Sein Nicken galt als Bestätigung: »Du weißt, dass du nicht einfach so ungeschoren davonkommst. Das hättest du dir vorher überlegen sollen, als du ich erdreistest, den Kater des Magiers Bovis in einen Vampir-Kater zu verwandeln. Nun, es nützt nichts, dir deshalb weiterhin Vorwürfe zu machen. Ich wollte dir persönlich diese Nachricht überbringen. Zudem muss ich dir sagen, dass du dich in dieser bevorstehenden Angelegenheit nicht überschätzen solltest. Das ist mein voller Ernst.«
»Okay, wollen wir das nicht lieber unten besprechen? Ich bin nämlich mit dem Dach fertig und habe keine Lust, mit meinem Gewicht die restlichen Dachziegel zu beschädigen.«
»Wäre mir recht. Ist ein wenig frisch hier oben. Trotzdem, eine tolle Aussicht, nicht wahr?«, zeigte er sich begeistert.
»Ja, du alter Romantiker. Sei hiermit herzlich eingeladen, über mein Dach zu fliegen, falls du deiner Süßen mal etwas Schönes zeigen willst. Sie wird entzückt sein!«, rollte ich mit den Augen. »So, Abmarsch!«, begab ich mich zurück zur Dachluke. Ich verharrte noch einen Augenblick, doch nachdem ich Cornelius nicht mehr wahrnahm, begab ich mich zurück ins Haus.
»Hier sind deine Unterlagen«, erwartete er mich bereits am anderen Ende der Stiege. Zudem trug er plötzlich einen Diplomatenkoffer bei sich und wedelte mit einer Akte.
»Ehrlich?! Was soll der Scheiß?!«, pöbelte ich ungehalten. »Mir ist durchaus bewusst, dass du magisch begabt bist, im Gegensatz zu mir! Musst du ständig dermaßen damit angeben?«, fauchte ich genervt. »Gib her! Worum geht es dabei eigentlich? Ich meine, außer einem bösen Vampir, der Menschen ermordete, und ich ihn deshalb kalt machen soll!«
»So viel sei verraten: Es geht um Gold«, sagte Cornelius vage.
»Echt jetzt? Um schnödes Gold? Ist ein Scherz, oder?«
»Hier geht es nicht nur um Gold, sondern unermesslich viel Gold!«, gab er zu verstehen.
»Wie viel Gold?«
»Sieh selbst«, tippte er auf die Akte, auf deren Deckel ein roter Stempelabdruck prangte, der »Streng geheim«, proklamierte.
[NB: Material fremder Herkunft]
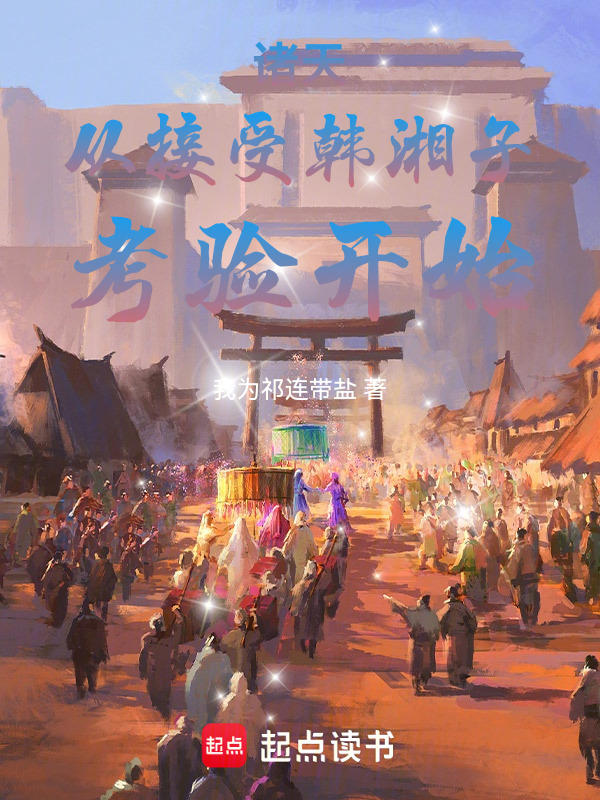诸天从接受韩湘子考验开始在线阅读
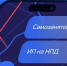 Тематическое фото Федеральная налоговая служба - MagadanMedia.Ru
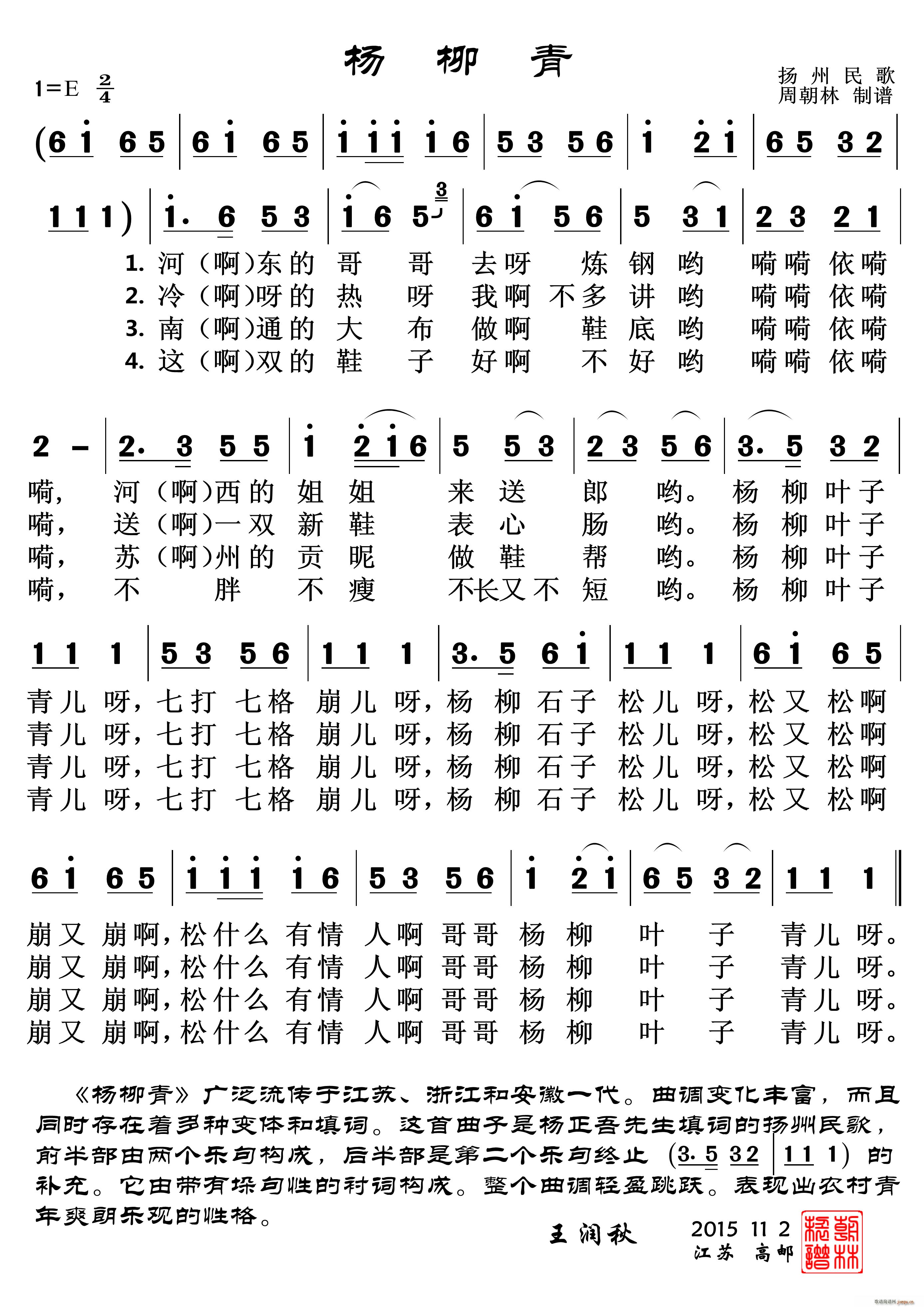 杨柳青 民歌(六字歌谱)1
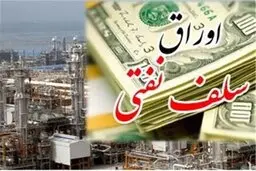 اعلام زمان فروش اوراق سلف نفتی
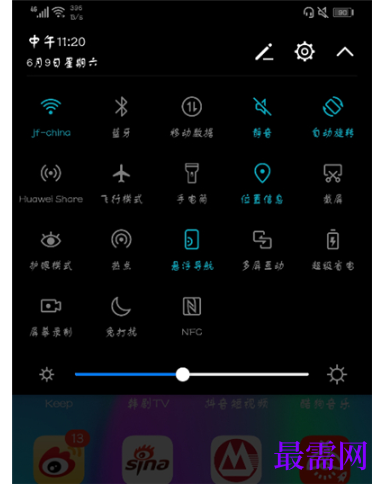 1792468374654813.png image.png
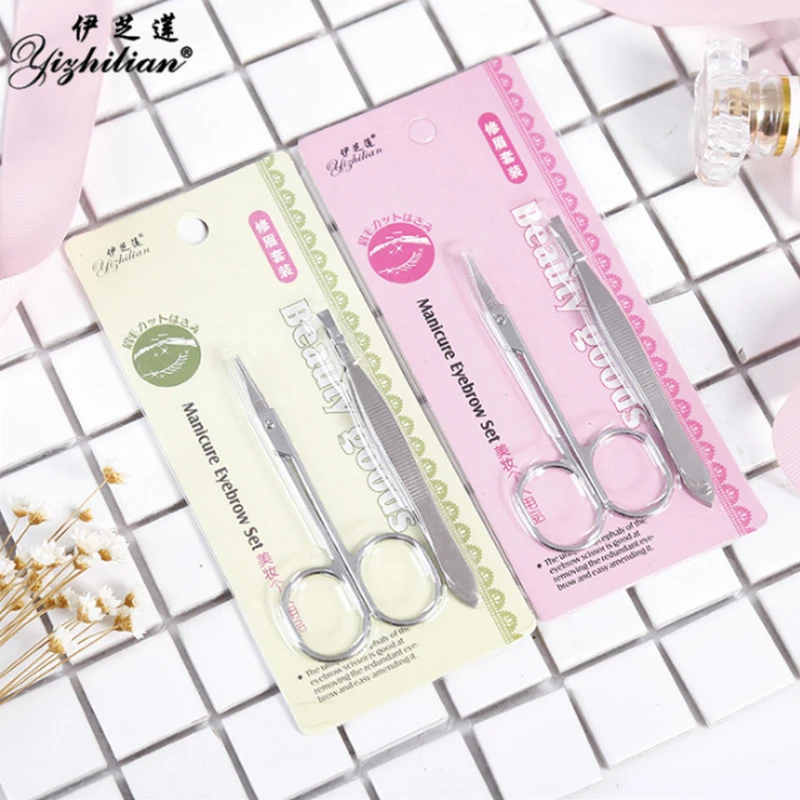

Eyebrow scissors suit Stainless steel Tweezers Eyebrow tweezers Cosmetology trim 2 Piece Set Lasting durable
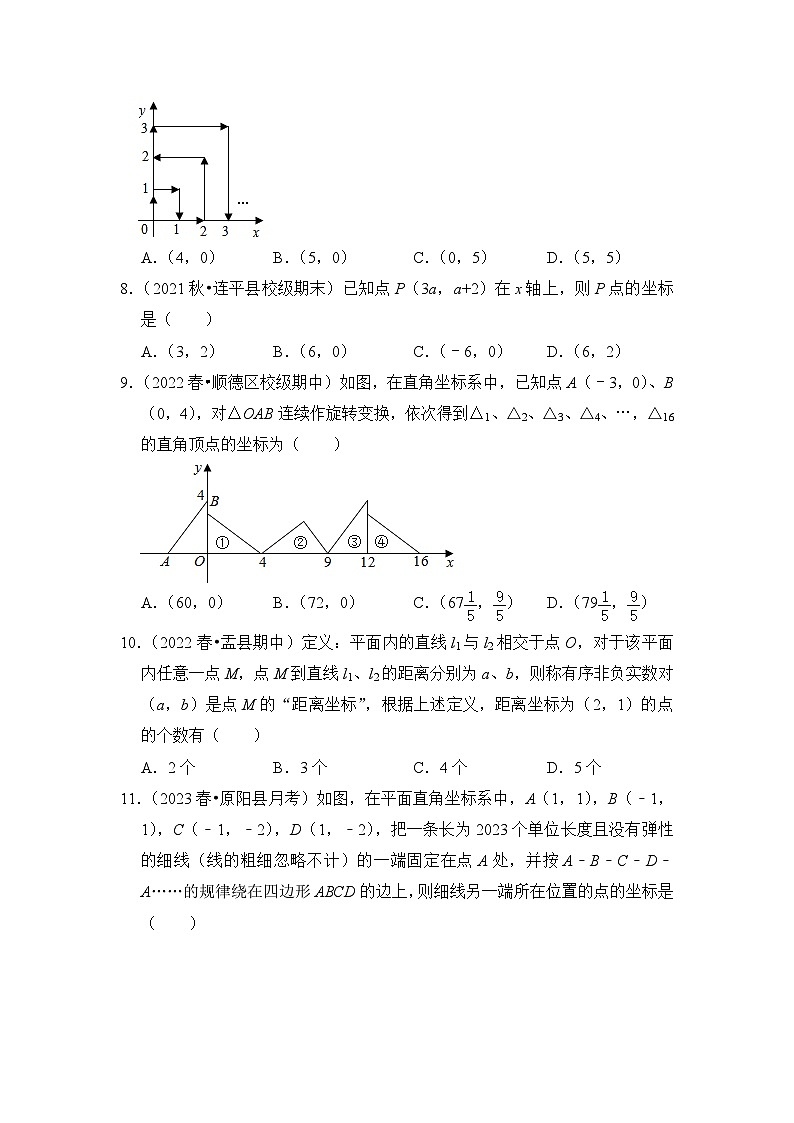 七年级数学下册高分突破专题03平面直角坐标系综合各市好题必刷(期中复习压轴专题满分攻略)(原卷版+解析)02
»Warum befindet sich eigentlich auf geheimen Akten stets dieser dämliche Vermerk, dass deren Inhalt streng geheim ist?«, fragte ich enerviert. »Wenn´s nicht draufstünde, käme kein Depp auf die Idee, hineinzugucken! Das ist beinahe so, als würde ich ein dickes rotes X auf die Stelle malen, wo sich mein versteckter Wandsafe befindet! Das ist Schwachmatentum!«
»Willst du jetzt mit mir darüber diskutieren?«
»Nö, kam mir nur in den Sinn«, winkte ich ab und schlug die Akte auf und las. »Holla, die Waldfee! Und ich dachte schon, ich hätte einen beschissenen Tag! Da frage ich mich, wie eine einzelne Person das hingekriegt haben soll!«
»Und genau das ist deine Aufgabe. Die Fakten weisen darauf hin, dass unmöglich eine einzige Person am Werk gewesen sein kann. Dass ein Vampir seine Finger im Spiel hatte, belegen die am Tatort zurückgelassenen Spuren. Darum ist es eine Angelegenheit des Vampir-Ältestenrates. Mir ist klar, dass du nicht unbedingt der Teamplayer schlechthin bist. Jedoch besitzt du durch die Arbeit bei Salomons Ring genügend Erfahrung, um die Ermittlungen voranzutreiben; denn du siehst mehr, als ein gewöhnlich Sterblicher«, erläuterte Cornelius geduldig.